The need for "the investor" has to be questioned under these circumstances - the centralized operator seems to be sharing its technological advantage with little return - why not operate the casino without the investor and collect all the revenues?   The hook is that the operator is attempting to insulate itself from prosecution by foisting that liability onto the investor.  The centralized operator will purport not to accept wagers from the North American gaming public, and attempt to place the investor between itself and that criminal liability.

The investor is informed that accepting wagers over the Internet  from certain jurisdictions may be illegal, but the investor is also informed that he or she is the owner of a "gaming license" in a jurisdiction where such activity is legal, or at least not  prosecuted.  Under the assurances of the operator, that the gaming system is operating in that remote jurisdiction, the investor is lead to believe that he or she have found a loop hole, and instructs the operator to accept wagers from North America.  As the casino is "owned" by the investor, the operator claims to have dodged criminal prosecution.

Aside from the risk of cheating and shrewd accounting practices which may not be in the best interests of the naive investor, this Internet industry presents significant opportunities for organized crime.  Where either the centralized operator or the investor, are in fact criminal organizations, which are seeking a portal to place proceeds of crime into the financial system, this presents the opportunity to literally shovel money into the financial system.  The credit card interface associated to these systems, are contracts with credit card validation companies, and they accept credit cards from all over the world. 

In addition, it is a simple matter for the gambling public to more directly launder money through these systems.  By creating more than one Internet identity and having credit cards in a number of different names, the launderer simply sits at home and places wagers of an equal amount on both sides of a gaming event.  The loss (referred to as the  "vig") is the acceptable cost of doing business if one can now claim to have received some quantity of money as gambling winnings. 

If the centralized operator or the investor were fronts for international terrorist groups, political acts of violence could actually be funded from revenue earned from the Internet entertainment paid for by the unsuspecting citizens that the terrorist group intended to attack.

The challenge for law enforcement is to establish true partnerships within the public and private sectors, and to expand its investigational horizons into areas where it has not ventured before.  The challenge for government is to recognize the need for this type of work, to fund it adequately, and to establish international agreements which will allow information exchange and evidence gathering.
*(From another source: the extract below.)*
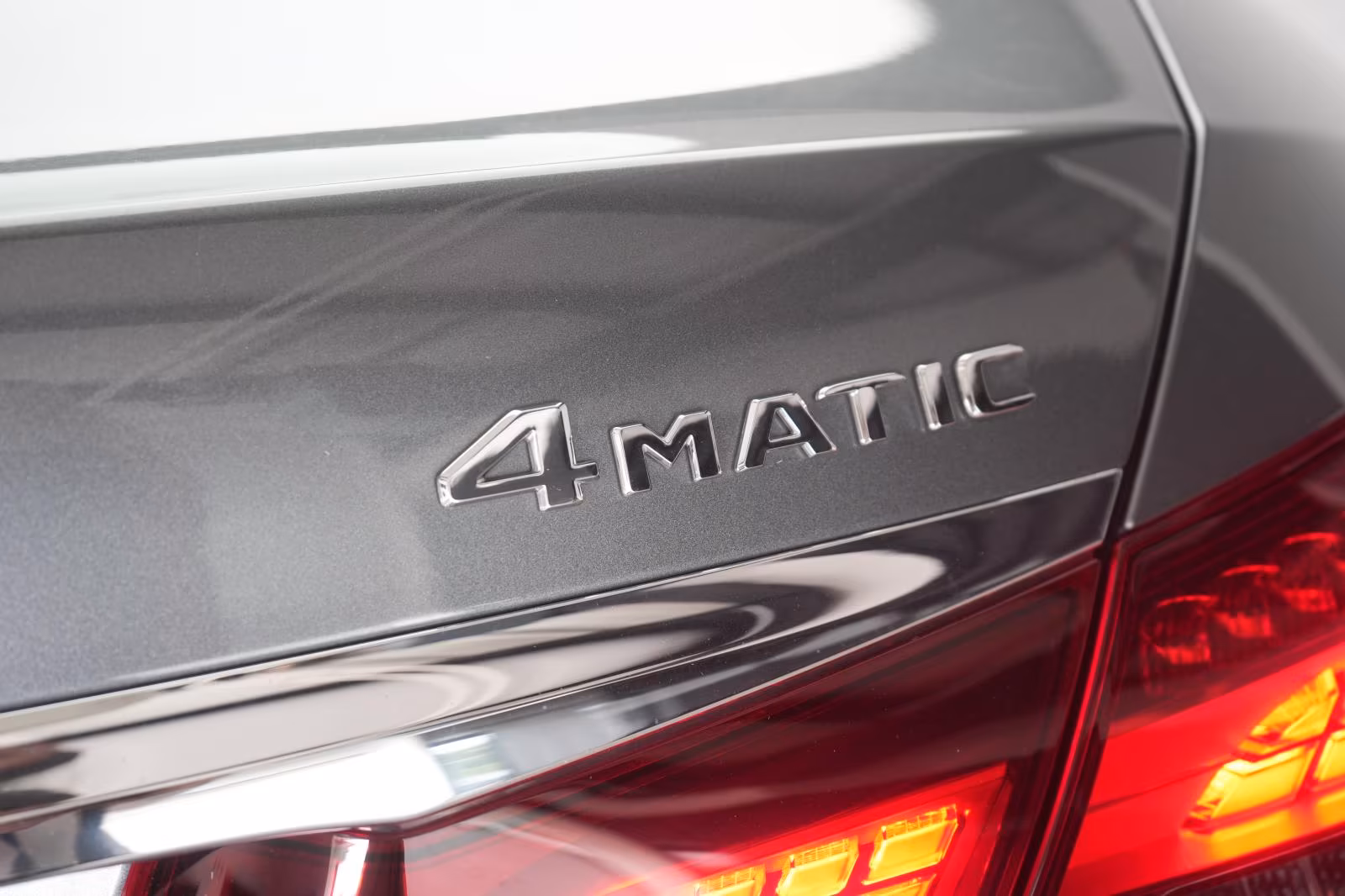(B-575) Mercedes-Benz(Hybrid) E 300 de 4Matic 9G-Tronic AMG Distronic/Kamera/P - Image 24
The challenge for legislators is to make laws broadly designed to permit enforcement of to go where technology is taking us.

(Presented at the Cyber-Crime Conference, Richmond B.C. February 2003)

¹ Proximal Consulting Newsletter April 2000, www.proximalconsulting.com.

² Dominion of Melchizedek at www.melchizedek.com ,   (The Melchizedek king of Salem blessed Abraham, the righteous king of peace and history’s first monotheistic teacher of the Most High God.) The ancient homeland of the Dominion of Melchizedek is the land south of Lebanon, west of Jordan and north of Egypt, with its capital as Jerusalem,

³ Bertil Lintner (lintner@loxinfo.co.th), Thailand based correspondent and author who has written extensively about the international drug trade and organized crime, from an article as part of a larger project supported by a grant from the John D. and Catherine T. MacArthur Foundation.